**What you are asked to do**
The entries are to be duplicated exactly, though any picture in them must be omitted.

[Image-text web data]
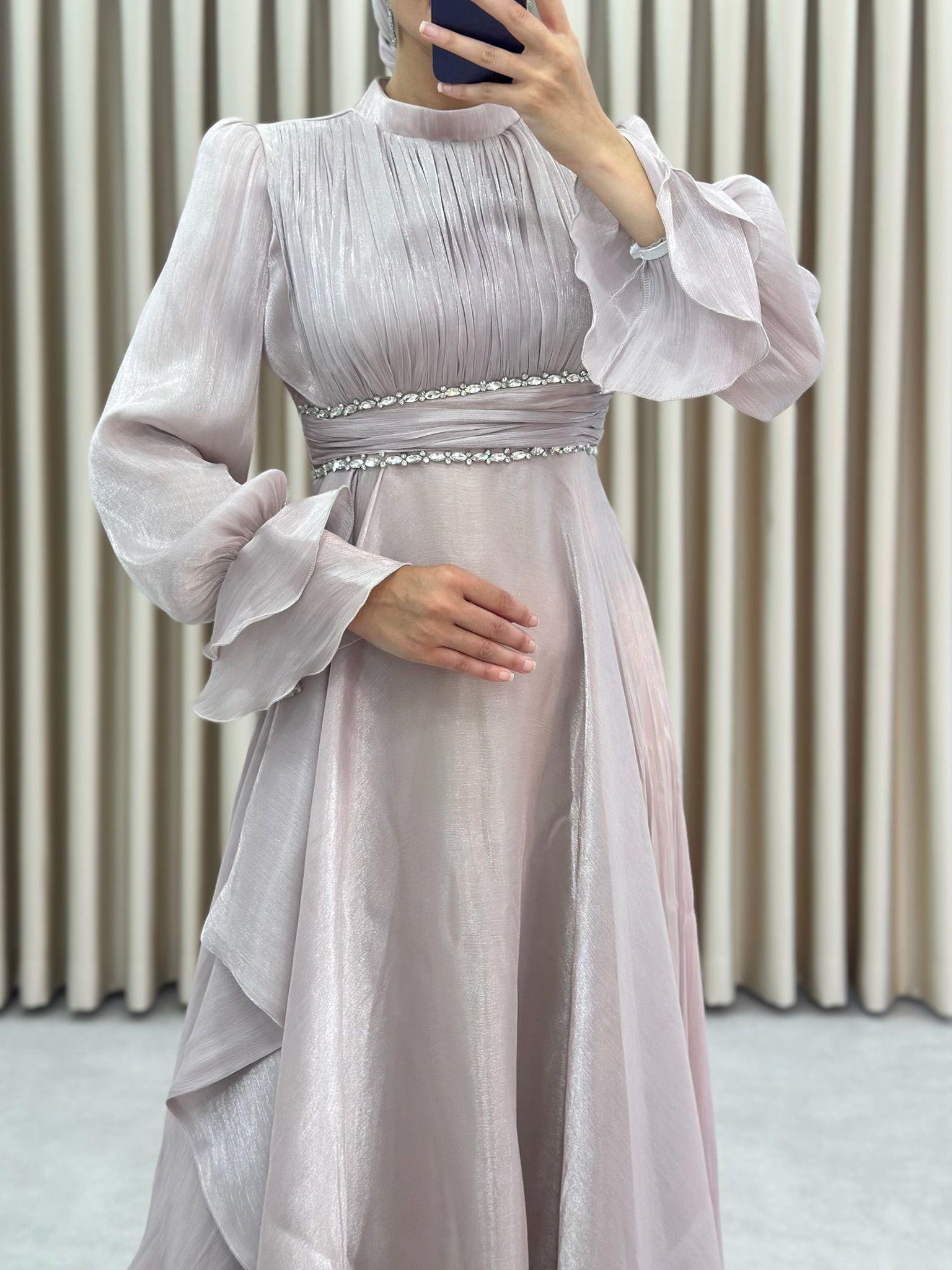 Abiye
Manolya Abiye Taş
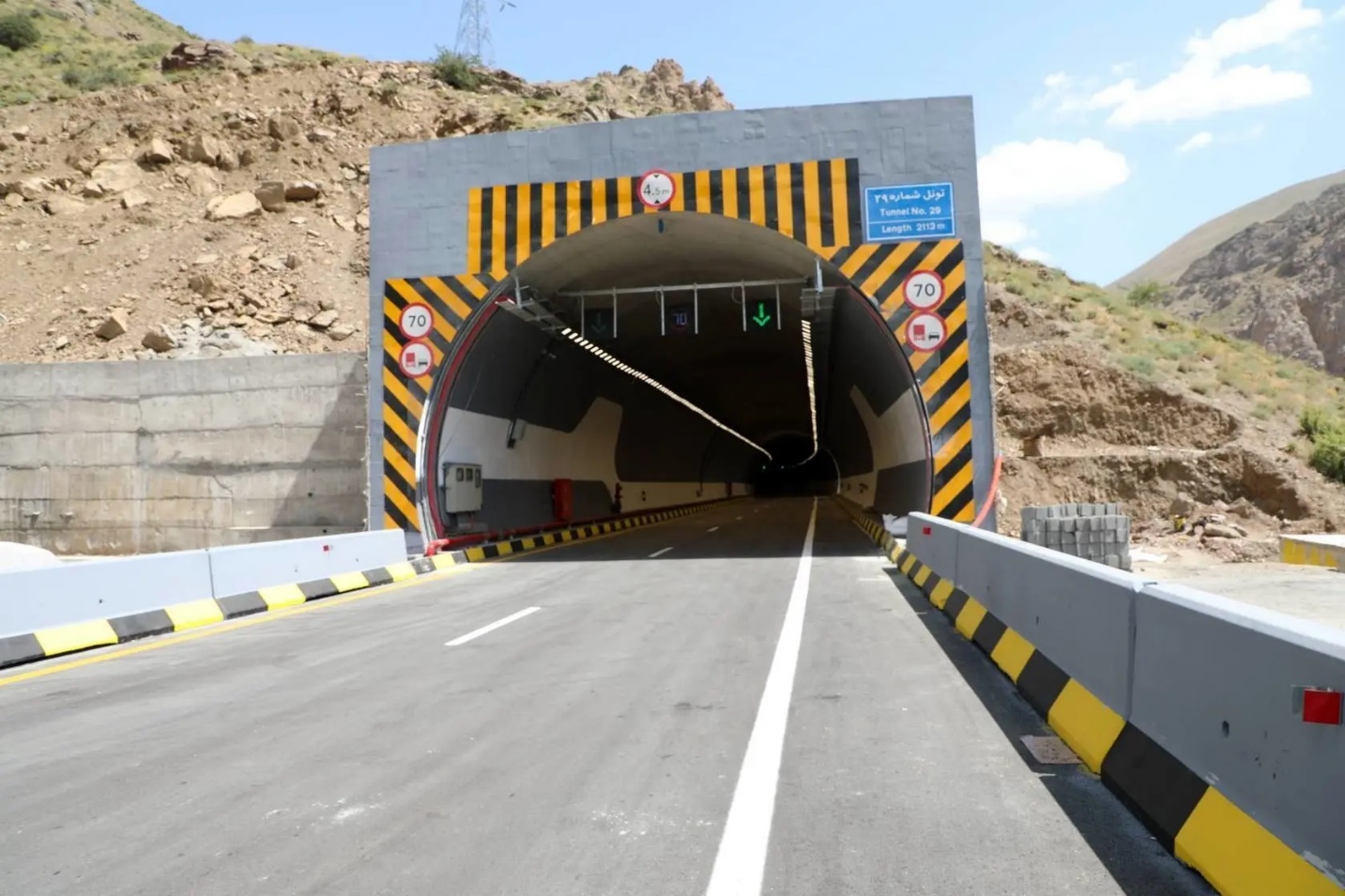 جاده ساوه به طرف آباده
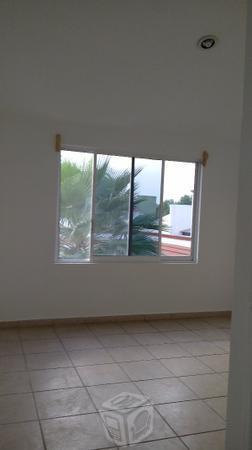 Casa en condominio privado Claustros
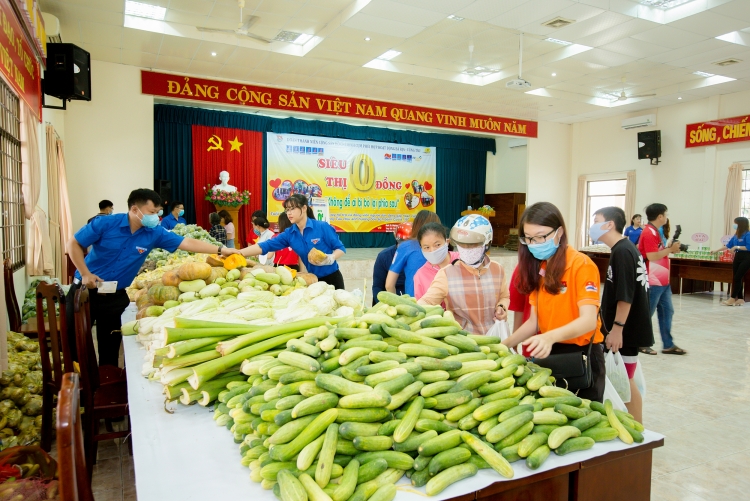 Siêu thị 0 đồng lan tỏa tình yêu thương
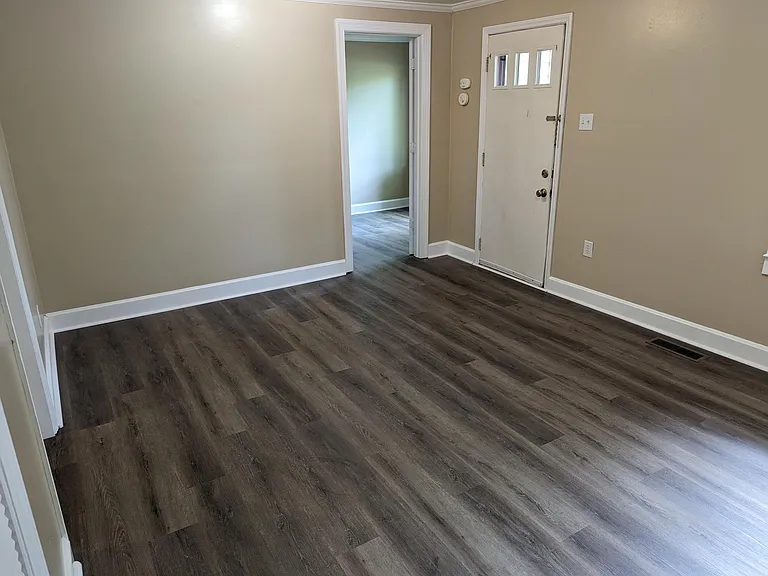 828 Crescent Dr — Photo 10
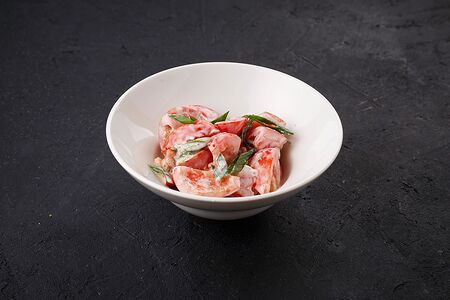 Помидоры с зеленым луком и сметаной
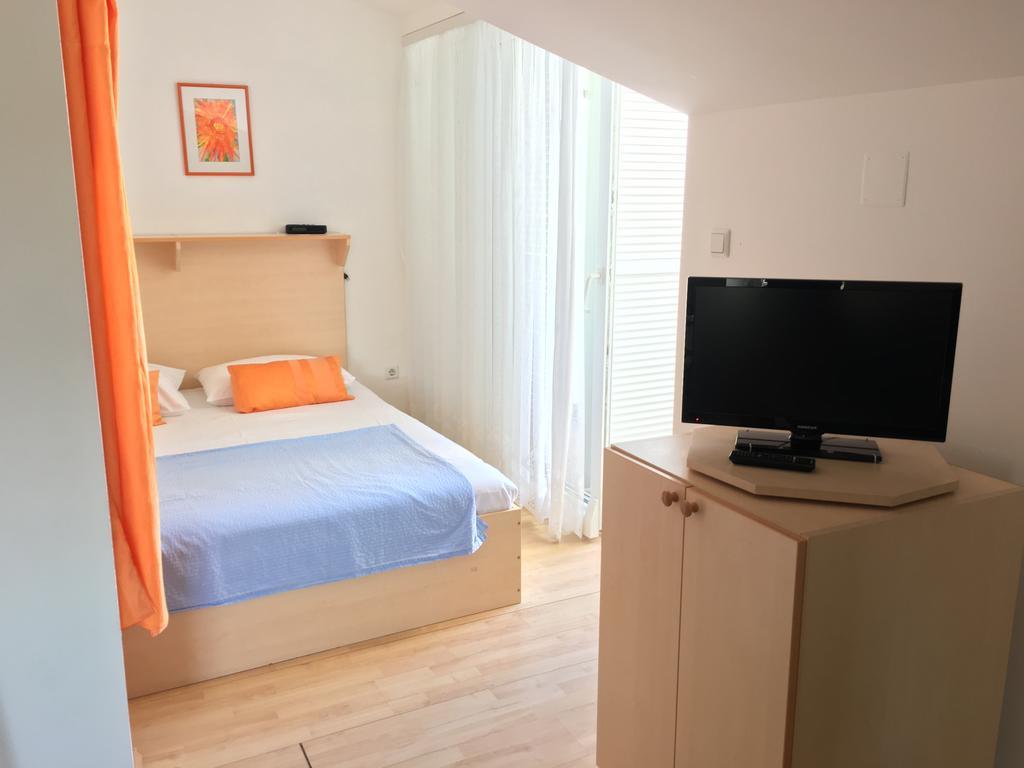 Apartments Tatjana Pag Εξωτερικό φωτογραφία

**Reply**
 Abiye
Manolya Abiye Taş
 جاده ساوه به طرف آباده
 Casa en condominio privado Claustros
 Siêu thị 0 đồng lan tỏa tình yêu thương
 828 Crescent Dr — Photo 10
 Помидоры с зеленым луком и сметаной
 Apartments Tatjana Pag Εξωτερικό φωτογραφία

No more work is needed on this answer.